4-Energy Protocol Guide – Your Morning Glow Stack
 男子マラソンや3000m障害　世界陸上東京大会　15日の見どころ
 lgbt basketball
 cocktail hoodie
====================
# ABOUT THIS TASK:
Write every line of the material above again, exactly.

# RESULT FOR THIS EXERCISE:
4-Energy Protocol Guide – Your Morning Glow Stack
 男子マラソンや3000m障害　世界陸上東京大会　15日の見どころ
 lgbt basketball
 cocktail hoodie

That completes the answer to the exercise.